Isso porque a própria língua mantém complexas relações com as representações e as formações
sociais” (Marcuschi, 2001, p. 35).
Fala... Precedência cronológicaEscrita... Prestígio social... ideologia
Quanto à fala/oralidade:
é inerente ao ser humano e não será substituída;
tem caráter identificador (é possível supor que a identidade seja um tipo de desvio da norma-padrão);
somos povos orais;
é a nossa “porta de iniciação” à racionalidade e fator de identidade social, pois a língua é socialmente moldada, não obstante seu caráter filogeneticamente universal;
os textos orais têm uma realização multissistêmica (palavras, gestos, mímica, etc.).
as dicotomias estritas entre fala e escrita são fruto da utilização do paradigma teórico da análise imanente ao código;
nossa consciência espontânea em relação à fala dá conta de sua variedade e não nos vem à mente em primeira mão a fala padrão;
Quanto à escrita...
foi tomada por muitos como estruturalmente elaborada, complexa, formal e abstrata em oposição à fala, tida como concreta, contextual e estruturalmente simples;
ao contemplarmos a escrita temos a impressão de algo naturalmente claro e definido. A escrita parece um fenômeno se não homogêneo, bastante estável e com pouca variação;
os textos escritos não se circunscrevem ao alfabeto, pois envolvem fotos, ideogramas, grafismos de todo tipo;
como é pautada pelo padrão, não é estigmatizadora e não serve como fator de identidade grupal;
Exemplo quanto à questão estigmatizadora
É útil observar que há práticas sociais mediadas preferencialmente pela escrita e outras pela
tradição oral (na área jurídica o uso da escrita é rígido, mas é intenso o uso de práticas orais nos tribunais). Assim, oralidade e escrita são duas práticas sociais e não duas propriedades de
sociedades diversas.
Indivíduos letrados escrevem um texto sobre “a inflação na vida do brasileiro”. Na leitura de seus textos constataremos que suas opiniões
podem ser objeto de discussão, mas eles não serão estigmatizados pela linguagem como tal. Se eles falarem sobre o assunto, teremos
avaliações não apenas referentes ao conteúdo, mas também à forma de falar do indivíduo.

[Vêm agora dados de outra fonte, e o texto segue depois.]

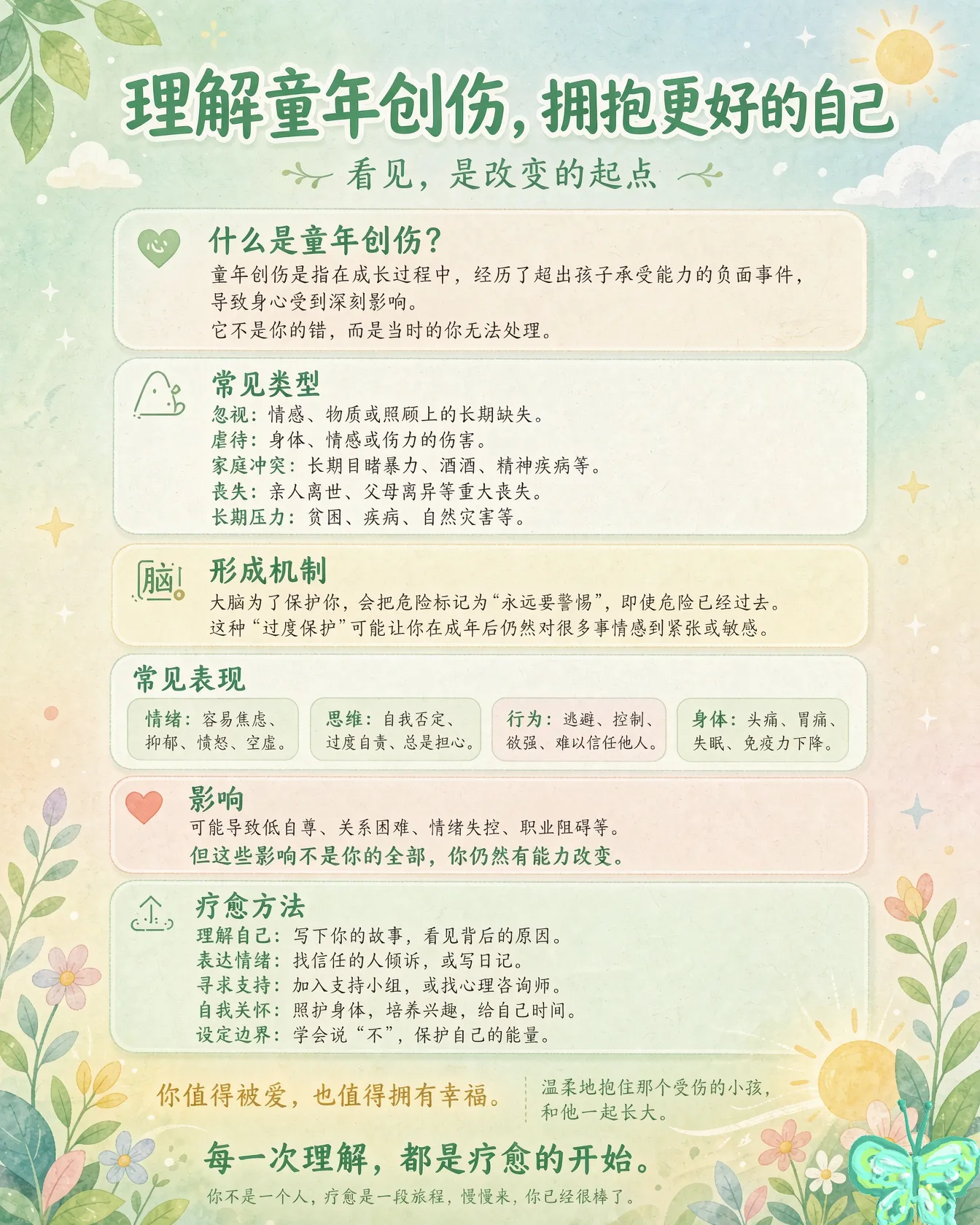 童年创伤,不是“忘了就好”的小事,而是在成长关键期,长期或剧烈地感到不安全、被忽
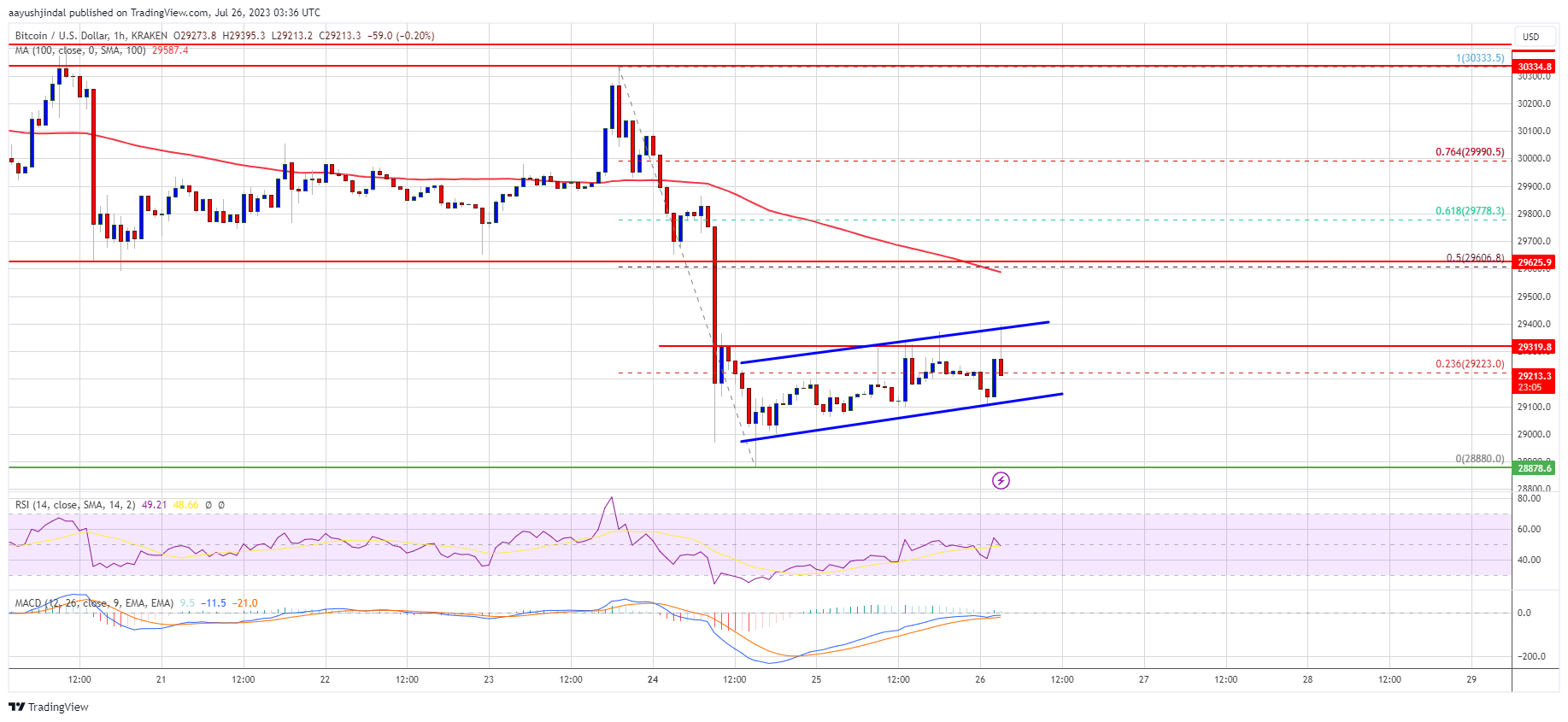 Bitcoin Price Could Recover But Upsides Might Be Attractive To Bears
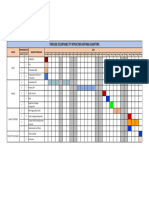 Time Deliverable PT Wynacom Unitama Sejahtera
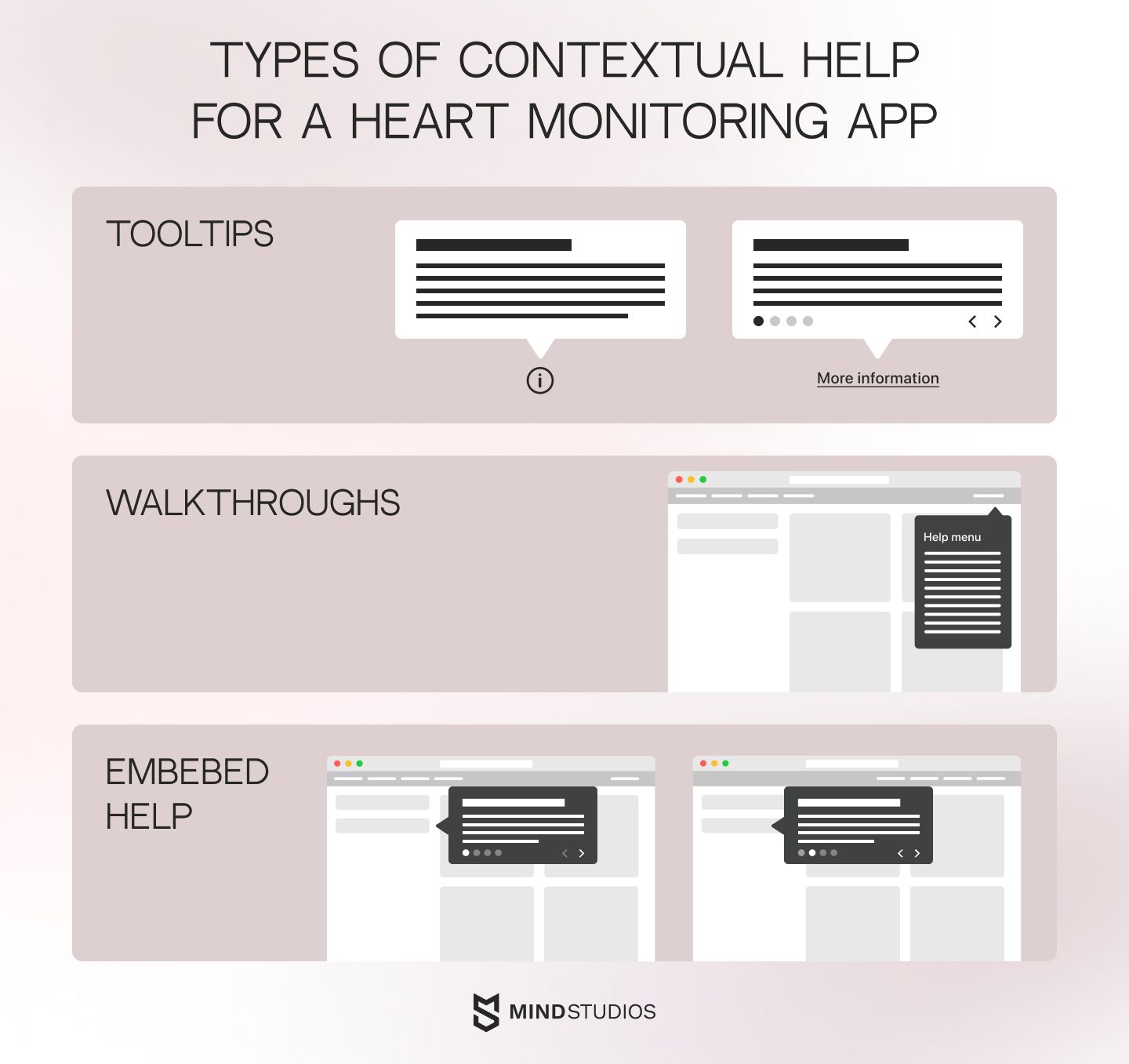 Types of contextual help for a heart monitoring app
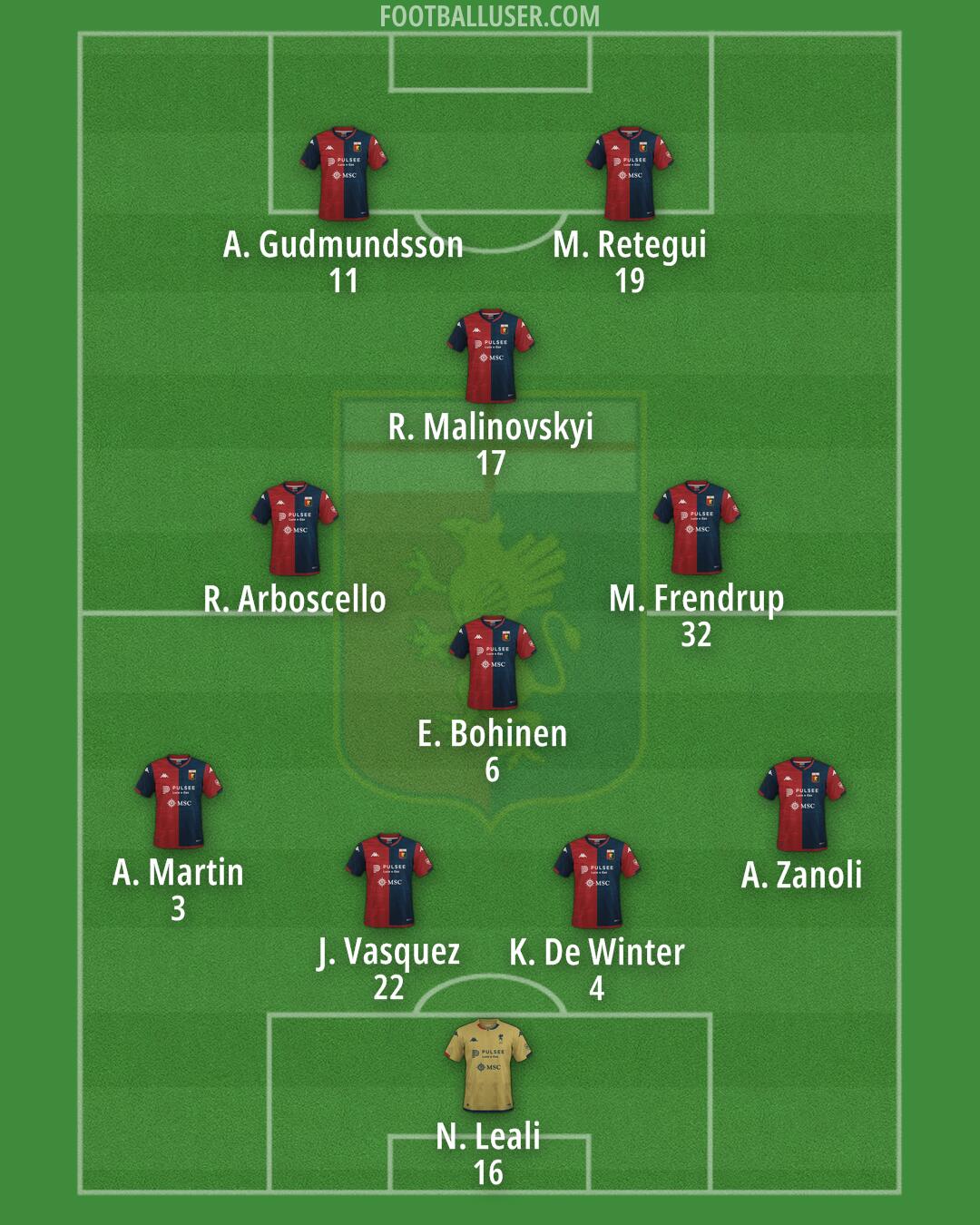 Genoa Formation 2024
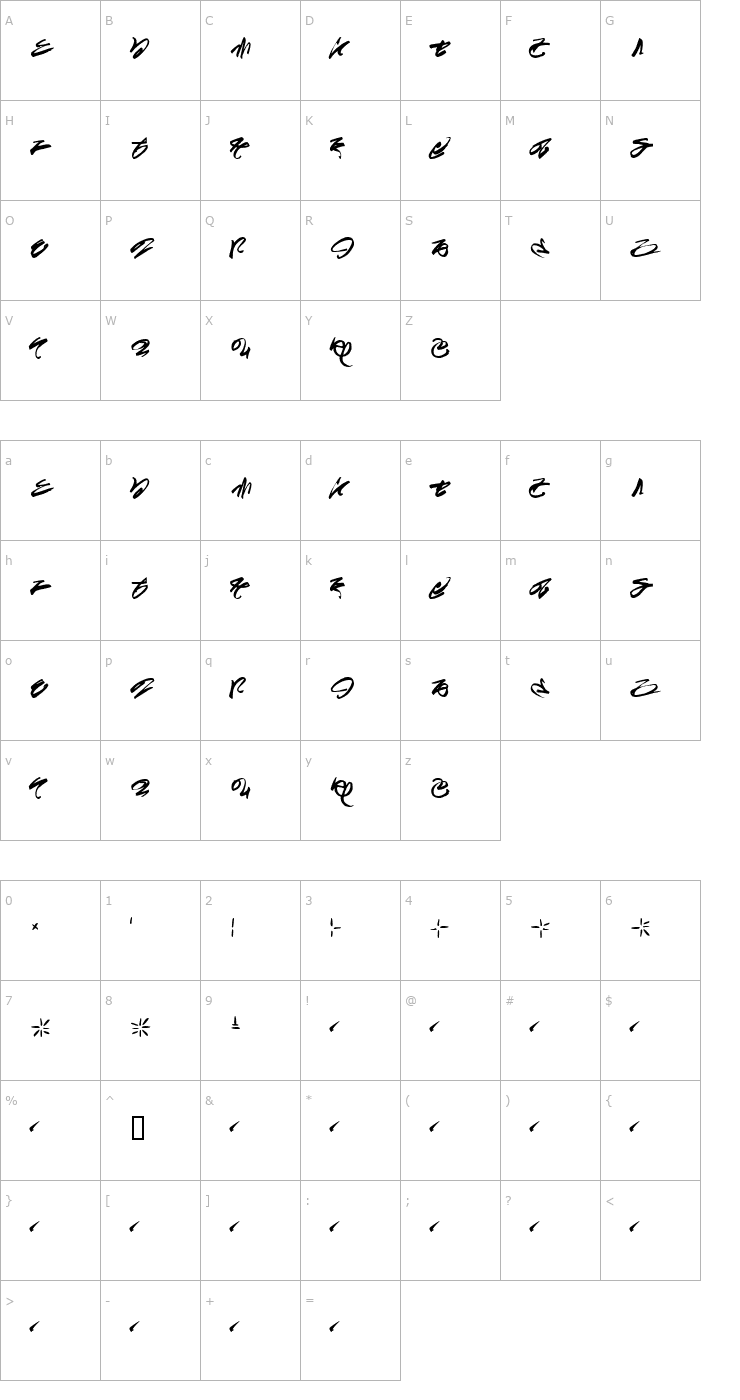 Character Map Miskatonic Font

Variações em um continuum...
A hipótese defendida por Marcuschi é que as diferenças entre fala e escrita se dão dentro do continuum tipológico das práticas sociais de produção textual e não na relação
dicotômica de dois pólos opostos. Daí surge um conjunto de variações, não uma simples variação linear. (...) As
diferenças entre fala e escrita são frutiferamente vistas e analisadas na perspectiva do uso e não do sistema, não
considerando o código, mas os usos do código.
Disso decorre a impossibilidade de situar a oralidade e a
escrita em sistemas lingüísticos diversos (ambas fazem parte do mesmo sistema da língua). São realizações de
uma gramática única e não há uma simetria de representação! (Vide gráficos)
A concepção de língua como sistema
heterogêneo (múltiplas formas de manifestação);
Há uma estrutura virtual, mas a língua se realiza essencialmente como heterogeneidade e variação.
Para Marcuschi (2001), a língua pressupõe um fenômeno...
... e que se manifesta em situações de uso concretas como texto e discurso
indeterminado sob o ponto de vista semântico e sintático (submetido às condições de produção);
histórico e social (fruto destas práticas);
variável (dinâmico e suscetível a mudanças);
Referência
MARCUSCHI, Luiz Antônio. Da fala para a escrita: atividades de
retextualização. São Paulo, Cortez: 2001.